>>>
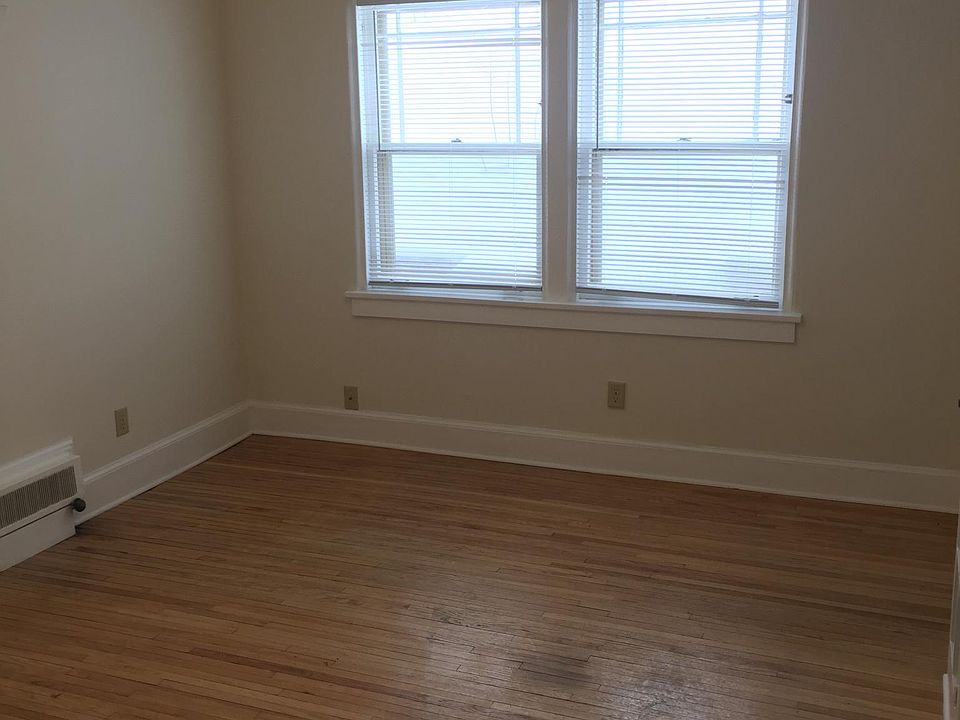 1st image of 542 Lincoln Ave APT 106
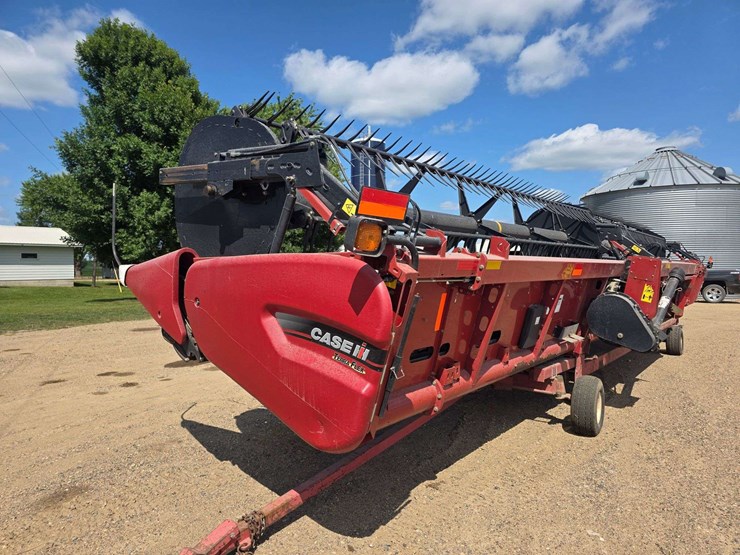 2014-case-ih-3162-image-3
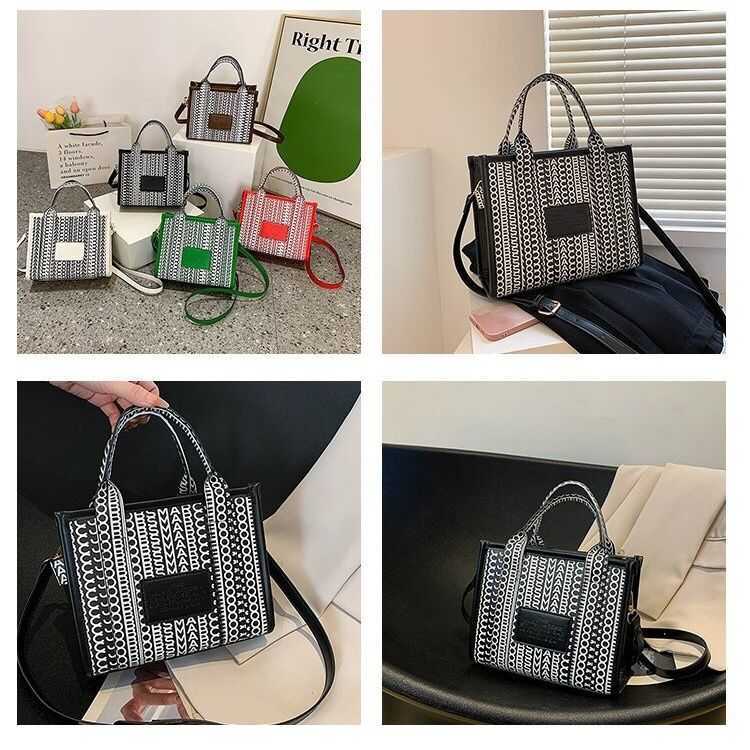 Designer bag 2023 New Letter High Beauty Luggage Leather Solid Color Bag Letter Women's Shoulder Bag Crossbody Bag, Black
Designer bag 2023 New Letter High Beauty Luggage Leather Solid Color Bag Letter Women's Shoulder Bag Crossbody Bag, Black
<<<
> Exercise instructions: Could you restate the material word for word, omitting the pictures?

> Written answer:
 1st image of 542 Lincoln Ave APT 106
 2014-case-ih-3162-image-3
 Designer bag 2023 New Letter High Beauty Luggage Leather Solid Color Bag Letter Women's Shoulder Bag Crossbody Bag, Black
Designer bag 2023 New Letter High Beauty Luggage Leather Solid Color Bag Letter Women's Shoulder Bag Crossbody Bag, Black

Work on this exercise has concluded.